在对本申请实施例进行进一步详细说明之前,对本申请实施例中涉及的名词和术语进行说明,本申 请实施例中涉及的名词和术语适用于如下的解释。
1)干声信号:本申请实施例中的干声信号是指没有伴奏音乐的纯人声信号,该干声信号为单声道声音信号,即不包括任何方向信息。
2)双声道信号:双声道就是指有两个声音通道,其原理是人们听到声音时可以根据左耳和右耳对声音相位差来判断声源的具体位置。本申请实施例中的双声道信号即指左声道声音信号和右声道声音信号。
3)头相关传递函数(Head Related Transfer Functions,HRTF):HRTF也可以称为双耳传输函数,描述了声波从声源到双耳的传输过程。HRTF是一组滤波器,采用时域卷积等价于频域卷积的原理,可以根据声源位置信息对应的HRTF数据计算得到传输到双耳的虚拟声音信号。
本申请实施例提供了一种伴奏的生成方法、设备及存储介质,通过实施本申请实施例,可以获取由同一目标歌曲对应的多个干声信号构成的干声信号集合,并获取该干声信号集合中包括的各个干声信号在不同虚拟三维空间声像位置中所对应的虚拟声音信号,然后将各个干声信号对应的虚拟声音信号进行合并处理后得到合唱干声,最终按照声效优化规则对合唱干声和目标歌曲的背景音乐进行音效合成处理,得到目标歌曲的伴奏。
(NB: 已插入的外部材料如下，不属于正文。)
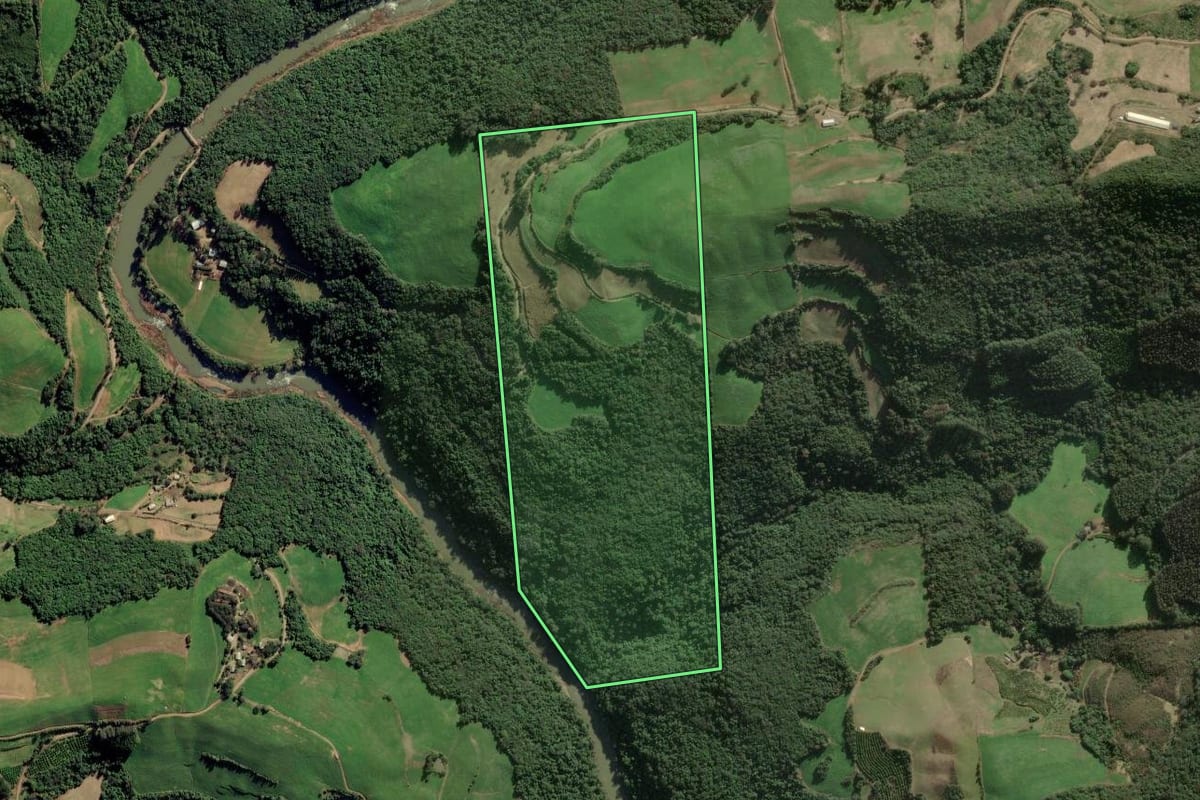 Imagem de satélite do imóvel rural em União da Serra (RS), com o contorno declarado no CAR desenhado por cima.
通过这种方式,一方面,可以全方位模拟干声信号集合中包括的各个干声信号在虚拟三维空间中的声像位置,进而获得由各个干声信号在不同虚拟三维空间声像位置处对应的虚拟声音信号合并处理后的合唱干声,实现了音频立体环绕的效果,另一方面,可以按照声效优化规则将合唱干声和背景音乐进行音效合成处理后再得到伴奏,以此增强音频效果的沉浸感,总的来说,相较于直接对各个干声信号进行叠加的处理方式,本申请可以得到更加丰富的音频处理效果,提高了用户体验。
请参见图1,图1是本申请实施例提供的一种伴奏的生成方法的应用场景示意图。如图1所示,该应用场景中可以包括智能设备100,智能设备通过有线或者无线的方式与服务器110进行通信,服务器110连接数据库120。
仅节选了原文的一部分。